Stille Nacht, heilige Nacht, alles schläft, einsam wacht ...

Einsatzbereit: Die WZ sprach mit einer Krankenschwester, einer Polizistin und einem Feuerwehrmann über deren Weihnachten.

Langenfeld. Für die meisten Menschen ist Heiligabend ein ruhiger und besinnlicher Abend im Kreis der Familie.
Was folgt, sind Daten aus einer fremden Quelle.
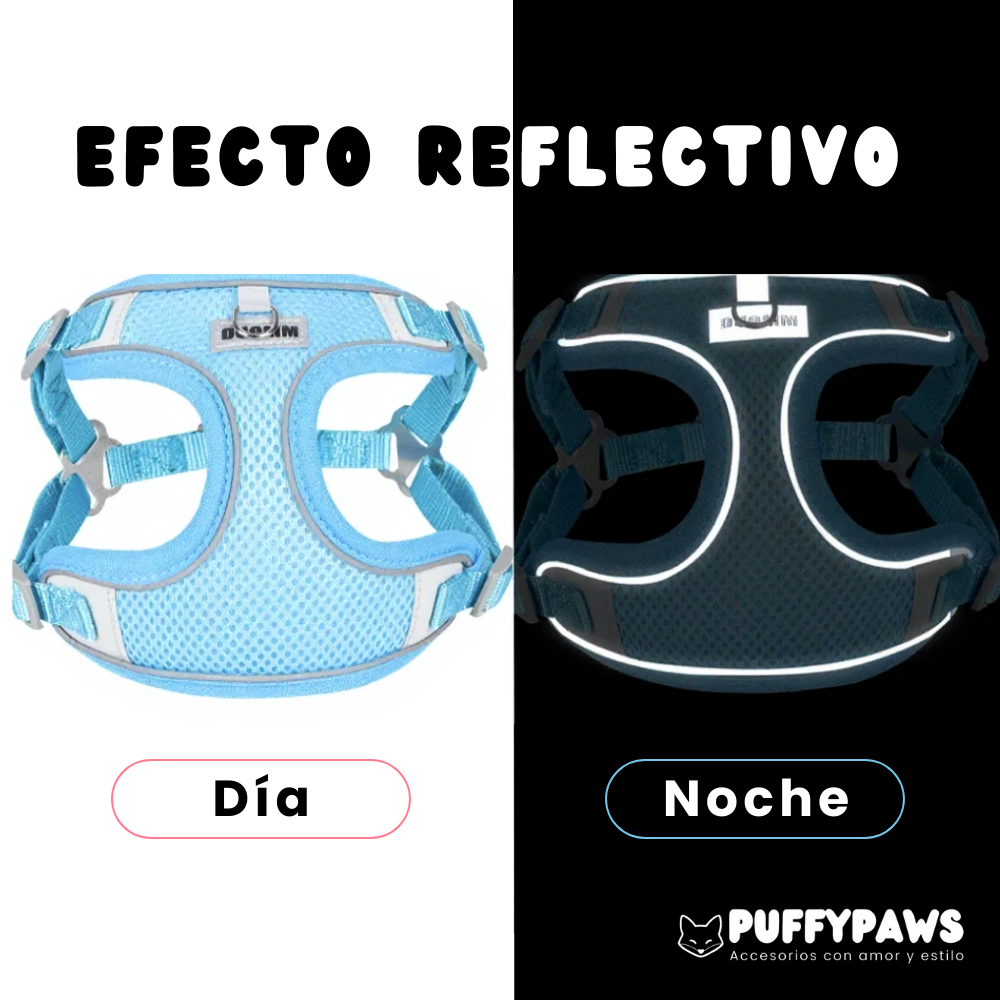 Chaleco arnés para perros con liberación rápida y tiras reflectantes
Geschenke auspacken, Gänsebraten, Kerzenschein und vielleicht noch Besuch eines Gottesdienstes. Aber wenn Papa sich beim Zurechtsägen der Zweige in den Finger schneidet oder plötzlich der Weihnachtsbaum in Flammen steht, dann muss es Leute wie Schwester Susanne oder Brandoberinspektor Christian Kaese geben.
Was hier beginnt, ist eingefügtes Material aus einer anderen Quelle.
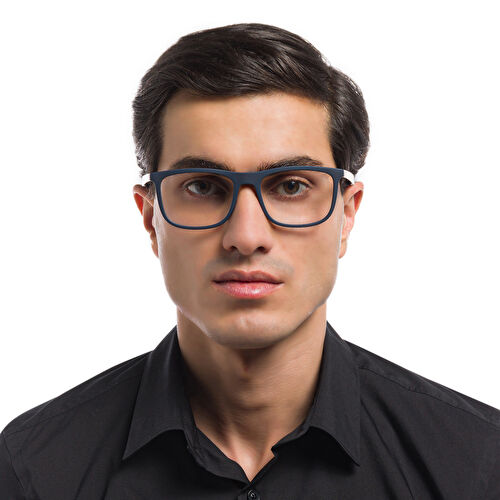 EMPORIO ARMANI Wide Rectangle Eyeglasses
"Meine Kinder haben sich daran gewöhnt. Bescherung wird nicht am 24. gefeiert, wenn ich Dienst habe", sagt der 42 Jahre alte Familienvater. Seit 22 Jahren arbeitet er bei der Feuerwehr.

Im Krankenhaus müssen auch Menschen versorgt werden, die keine Angehörigen mehr haben und einsam sind. Meist sind es ältere Leute. Susanne Brinkmann(58), Krankenschwester und stellvertretende Pflegedirektorin am St.-Martinus-Krankenhaus in Richrath, fühlt sich seit mehr als 30 Jahren nicht nur für die körperliche Pflege ihrer Patienten zuständig.

Sie schätzt, dass fast ein Viertel ihrer Patienten keinen Besuch bekommt. "Vor allem die Schwerkranken brauchen Zuwendung", meint sie. Ihre beiden eigenen erwachsenen Kinder und drei Enkel müssen auf sie an Heiligabend verzichten.

Auf der Station versucht man an den Festtagen ein wenig Weihnachtsstimmung zu zaubern: Musik auf dem Flur, eine besonderes Essen aus der Krankenhausküche, dazu kleine Geschenke, für die das Pflegepersonal vorher gesammelt hat. Etwa 130 Patienten verbringen das Weihnachtsfest im Krankenhaus an der Klosterstraße.

Auf der Feuerwache In den Griesen steht auch ein Weihnachtsbaum. Routine-Arbeiten wie das Überprüfen der Fahrzeuge auf ihre Einsatzbereitschaft müssen auch an Heiligabend gemacht werden. Aber solange kein Alarm ertönt, können sich Christian Kaese und seine Kollegen den Abend ein wenig weihnachtlich gestalten. Zum Beispiel wird gemeinsam ein Menü gekocht. "Was diesmal auf den Tisch kommt, steht aber noch nicht ganz genau fest", sagt Kaese.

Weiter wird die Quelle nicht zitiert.